When I finished up my pergola they were somethinng fierce. You coupdnt barely enjoy the evening outside with all the raquet they were making drilling holes in it and it was PT and stained. I soaked it down with a flying insect killer then filled the holes with cement patch. I tried caulk and LN first but they drilled through that easily. The cement put a stop to it. Then I re stained and done.


----------



## Killdee (Jun 15, 2013)

Home depot is now selling a Spectracide product that on the label states for carpenter bee's comes with a straw to spray in the holes. Google carpenter bee trap, they work and are easy to build or buy if you want, they do need to be hung a certain way for them to work. Yall are cheating with a tennis racket, for pure sport use a fishing rod or an old antenna, sharpens your reflexes and aiming ability!!!!


----------



## Cabin creek man (Jun 15, 2013)

Pump up sprayer with cynora twice a summer and you will have no bees spiders scorpians ants or any other creepy crawly criters this stuff really works.


----------



## whchunter (Jul 18, 2013)

*Not*

Built some of those traps and they don't work. Don't remember any even going into the holes. Yep I drilled the holes right size and right angle...........I believe that the boxes are a scam.


----------



## win280 (Jul 18, 2013)

whchunter said:


> Built some of those traps and they don't work. Don't remember any even going into the holes. Yep I drilled the holes right size and right angle...........I believe that the boxes are a scam.

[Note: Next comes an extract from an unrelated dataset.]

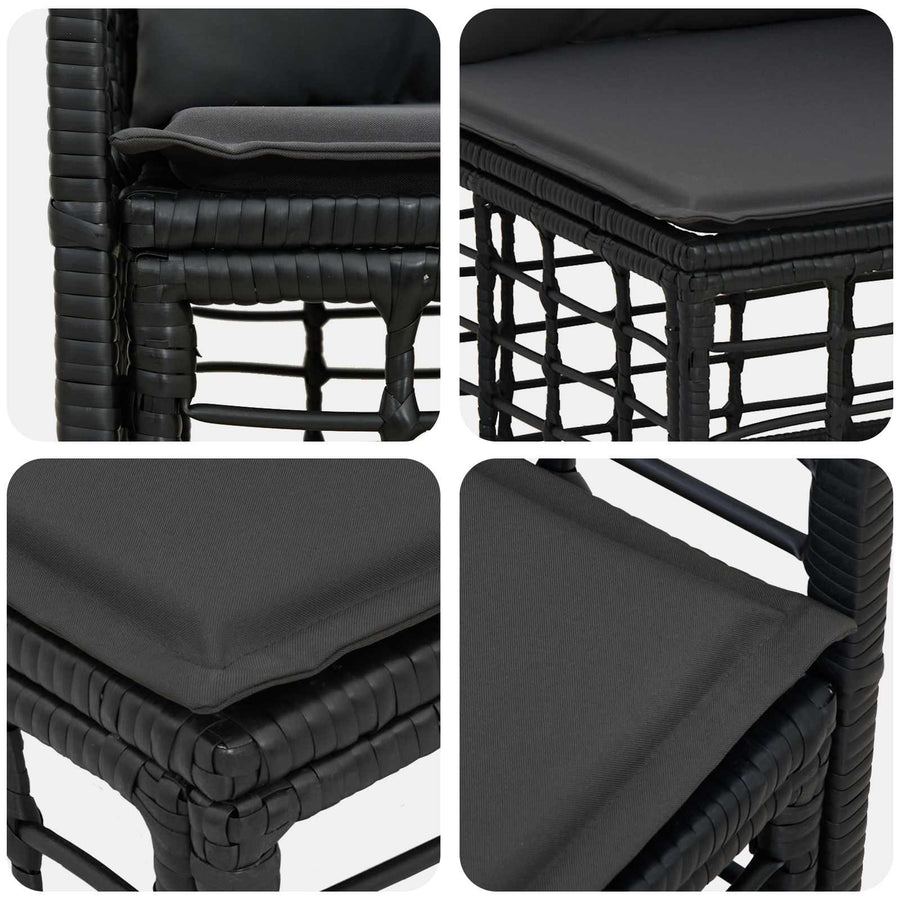 Tuinbankenset 12 pcs Zwart en Donkergrijs poly rattan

May not have worked for you, I made one and have caught 30 plus this year.I plan on putting up 2 more by next year.
I try not to spray any more chemicals as needed because of a bored well.


----------



## TigerMt (Jul 18, 2013)

They don't like WD_40. Spray in a hole, if there is one in there it will back out and die.


----------



## Killdee (Jul 18, 2013)

whchunter said:


> Built some of those traps and they don't work. Don't remember any even going into the holes. Yep I drilled the holes right size and right angle...........I believe that the boxes are a scam.

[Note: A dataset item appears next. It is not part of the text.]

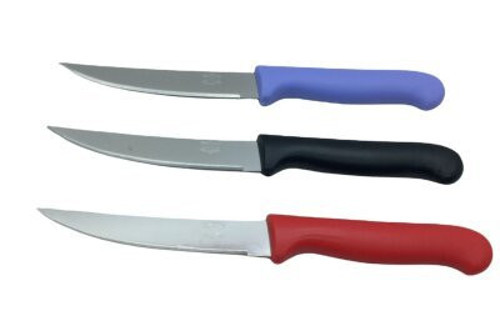 KNIVES-2280 Sebze ve Ekmek Bıçak Tekli Büyük Tırtırlı Renkli Plsatik Saplı - 12'li Paket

They dont work if you dont place them correctly, move them around a bit, and I think they work better when placed earlier in the season before they already get their on holes bored.Plenty of info re placement and peoples success using them if you google and read a good but. I sent the info to a buddy last year and 2 days later he sent me a picture of several bees in his newly built trap.


----------



## whchunter (Jul 19, 2013)

*Hmmm*

I've had mine up 2 years now and no bees.  Don't know what I'm doing wrong. I have one in the front and one in back.  Maybe the holes I cut with a wood bit are too rough as I've noticed the ones they bore are real smooth.


----------



## win280 (Jul 19, 2013)

whchunter said:


> I've had mine up 2 years now and no bees.  Don't know what I'm doing wrong. I have one in the front and one in back.  Maybe the holes I cut with a wood bit are too rough as I've noticed the ones they bore are real smooth.


Don't use pressure treated and the hole has to be 1/2"dia 3" from the top drilled at a 40-45 degree angle upward . Make sure you have an overhang on the front of 2-3". I also put a little sugar water in my bottle container to help get them started. Needs to be minimum
6' off the ground but not any higher than you can reach to empty the bottle on the bottom with ease.
Hope this helps


----------



## whchunter (Jul 19, 2013)

*ok*

Thanks I'll try it


----------